City planners are not convinced a downtown parking shortage exists, but if Juneau is to build a parking garage and transit center it should include a mix of uses, according to a staff report to the Planning Commission.
The commission will review the project at its regular meeting at 7 p.m. at the Assembly chambers. The meeting will be open to public comment.
The Juneau Assembly has the final say in whether the project is built and how it will look. It is being planned on a lot at the corner of Main Street and Egan Drive.
The planning commission's power in the process is limited to a project recommendation to the Assembly based on the comprehensive plan, the waterfront plan and the land use code. It's considering two permits: an allowable use permit for the garage and a conditional use permit for the transit center.
Planners have recommended several design changes for the conditional use permit to the transit center.
But Rorie Watt, the deputy city engineer in charge of the project, said such specific design conditions are beyond the planners' purview.
"They're out of line. They're not following their code," Watt said.
Watt said the city needs the garage to increase the supply of parking, to support the Fee In Lieu program whereby businesses can pay their way out of providing parking spaces, and to progress on a potential Capitol site.
"Staff disagrees with the assessment of this study that there is an 'extreme shortage' of parking in downtown Juneau," wrote Ben Lyman, senior planner, in his report to the commission.

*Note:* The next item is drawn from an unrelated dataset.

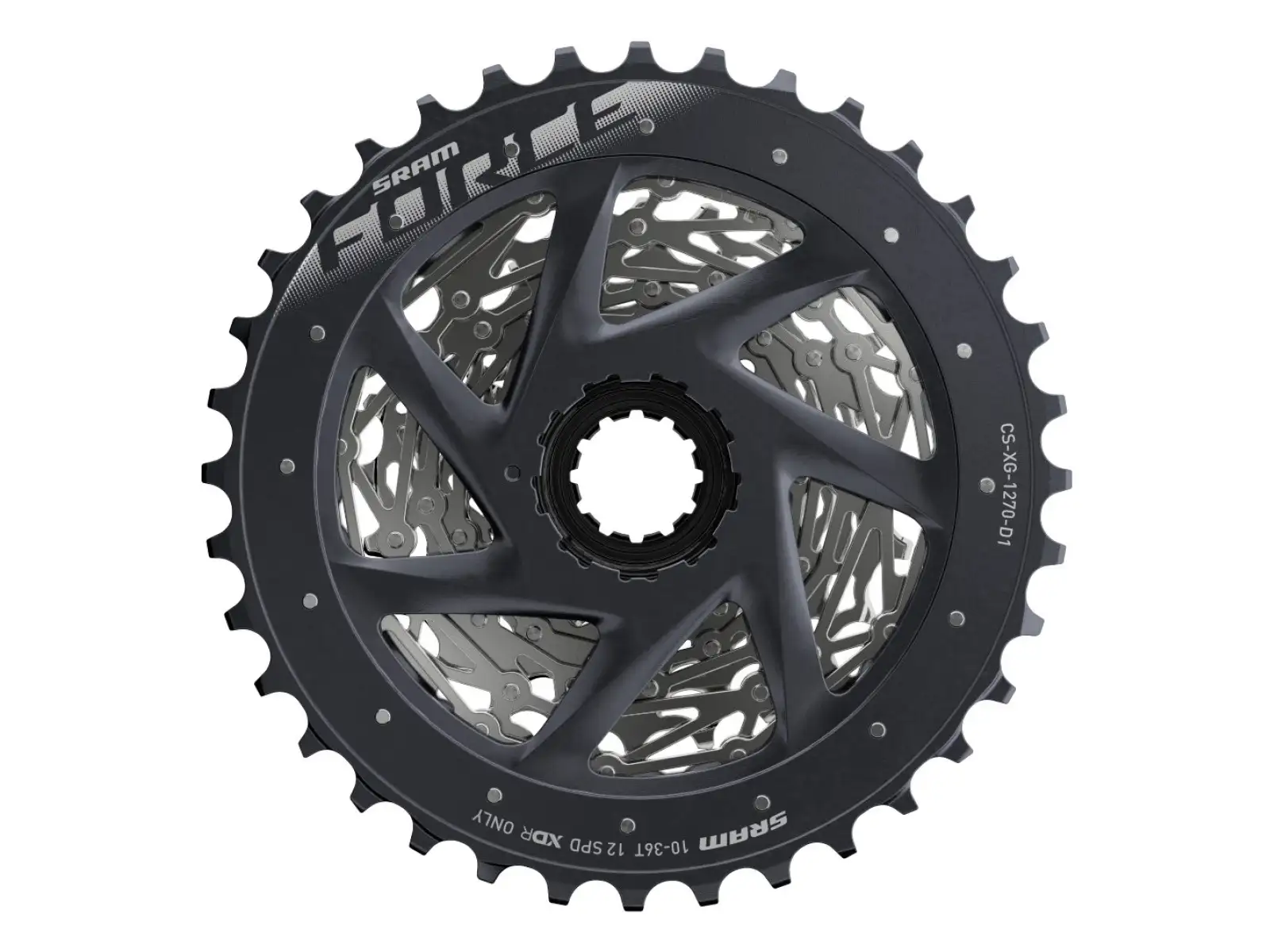 Kazeta Sram CS XG-1270 D1 Silver 12sp. 10-33z.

Better parking management, he wrote, could "drastically reduce" the perceived shortage without adding any spaces. Tools include creating residential parking zones, charging for the most convenient downtown parking, or preferential parking for carpools, he said.

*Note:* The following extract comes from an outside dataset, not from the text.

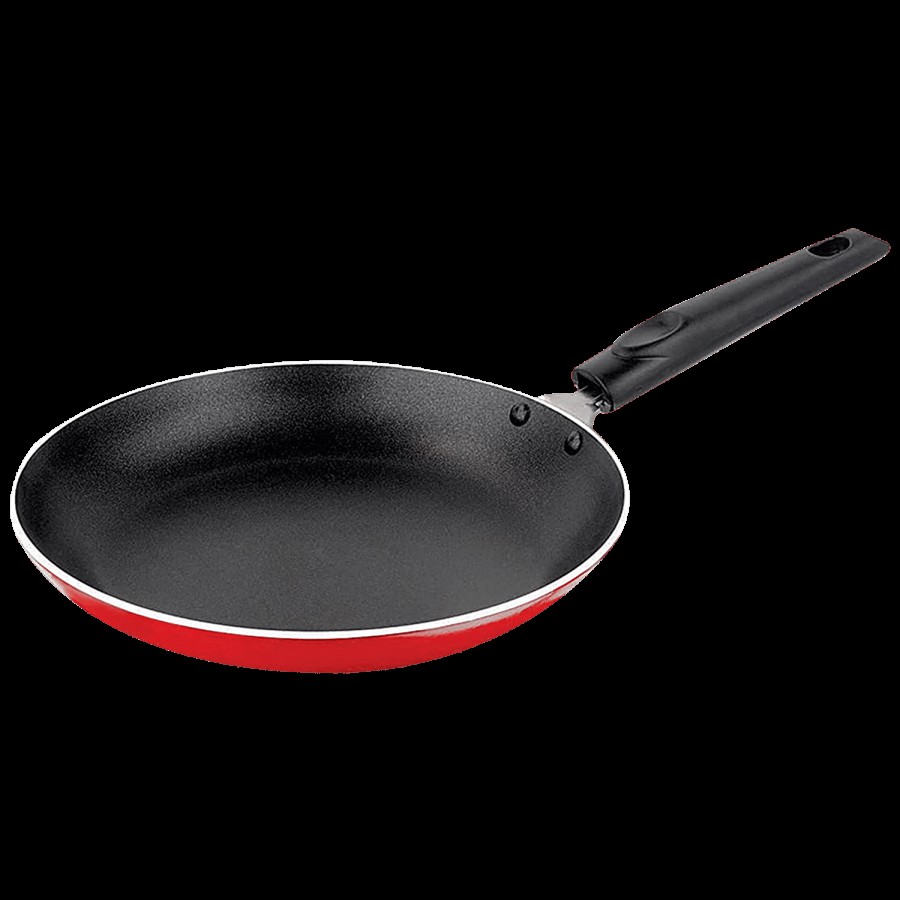 Nirlon Aluminium Fry Pan - Non Stick Coated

The city plans to consider parking management after the garage is built.
The idea for the parking garage originated with a group of downtown business owners concerned about parking shortages. Voters agreed to fund the garage along with several other city projects.
Without active uses on the ground floor, the proposed garage also runs the risk of "repeating the same design mistakes as the existing (Marine Park) garage," Lyman wrote.
The Assembly voted not to include space for retail stores in the parking garage, a controversial move among citizens.
But mixed use doesn't necessarily mean retail, according to Lyman. It could mean space for nonprofit organizations, an art gallery, a permit center, or an auxiliary museum, as examples. The Assembly has not considered those options.
"There's nothing wrong with the mixed use idea," Watt said. "I think the idea is that mixed use would go across the street in the business district."
"It's expensive to build, and if you don't build it efficiently, you don't get much return on your investment," he said.
Among other suggestions, planners also recommended that the city:
install glass walls to avoid presenting a blank wall to passers-by;
include plenty of covered bike parking;
build the transit center two to three stories high instead of one story;
design so a Capitol complex or other mixed use could be built on top later;
plan for an eventual overpass between the waterfront and the facility;
plan for a shuttle to circulate through downtown;
run electricity, sewer and water to the garage to allow for mixed use later, if not immediately.
Planning staff reports are online at www.juneau.lib.ak.us/plancomm/staffreport.php.